Your waxing technician. Yes, she knows you intimately and has seen everything, but she doesn’t need to see you on your big day.

Anyone you haven’t spoken to in years. We know you were so close with your sorority sisters back in college, but if you haven’t stayed in touch since you graduated, there’s no obligation to invite them. Plus, you don’t want any memories of your keg stand days on your wedding day.

Your best friend’s current fling. Obviously you love your best friend, but don’t feel obligated to give her a plus one unless things are serious between her and her beau. Those photos are forever, and you don’t want to be wondering who that random is ten years from now.

Your neighbors. If you wouldn’t have them over for dinner, they don’t really need to be there. Stick to sending each other fruitcakes during the holiday season.

Anyone you consider a “frenemy.” She’s the coworker or acquaintance that you get along with, even though you both not-so-secretly kind of hate each other. Yeah, you don’t need to spend $150 on her head. Do you really want to second-guess every compliment she gives you on your special day?

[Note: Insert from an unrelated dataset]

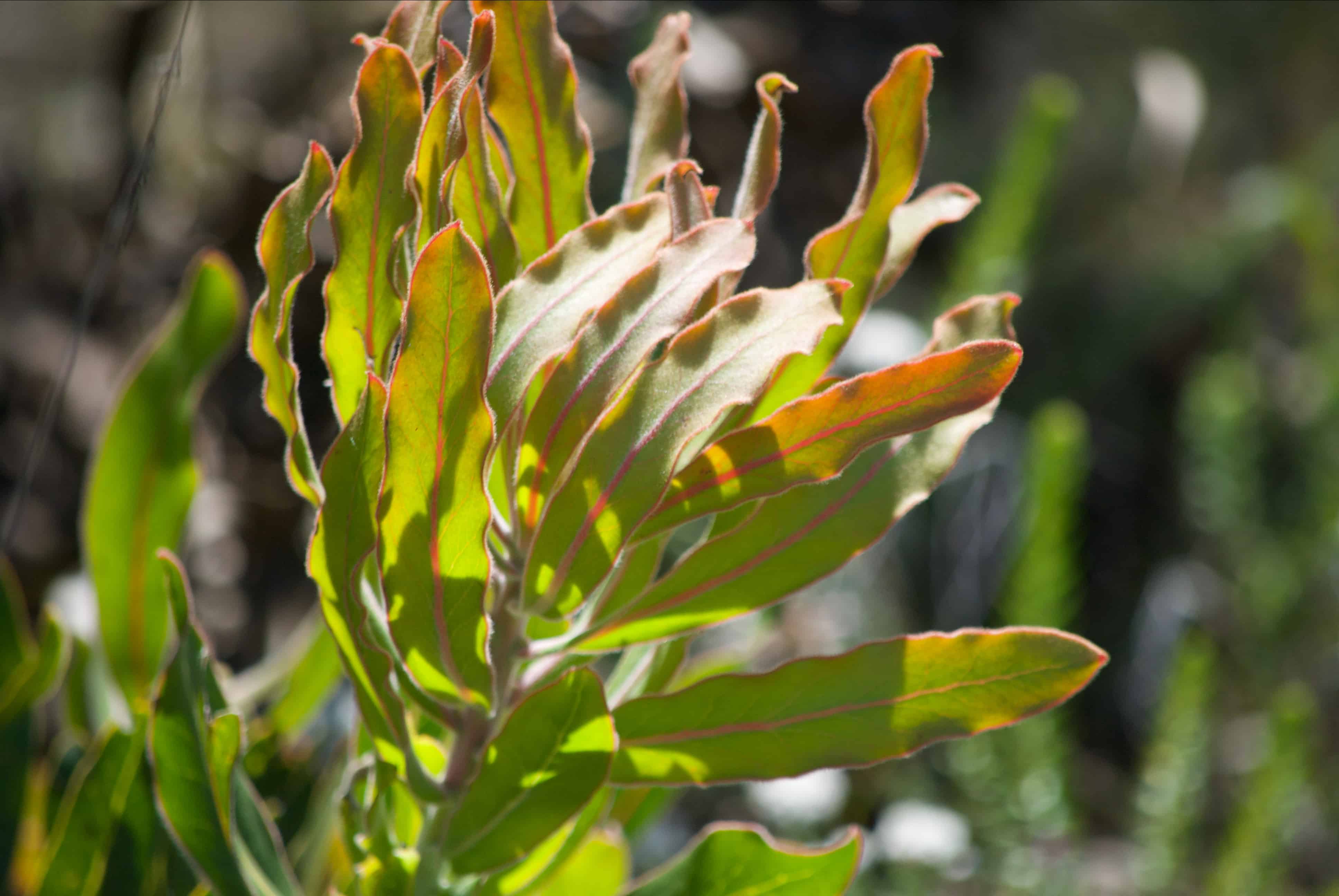 flora, fauna and landscapes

Your co-worker who is also possibly in love with you. If there’s absolutely any chance that he’s going to make a scene—like, stand up right before you exchange vows and announce that he objects to the marriage—you probably shouldn’t chance it.

Anyone you think might get trashed at the wedding. You say “open bar.” They hear, “one tequila, two tequila, three tequila, floor.” It’s hard enough to manage a ton of guests at your wedding, without having to worry about your drunk friend grinding on Grandpa.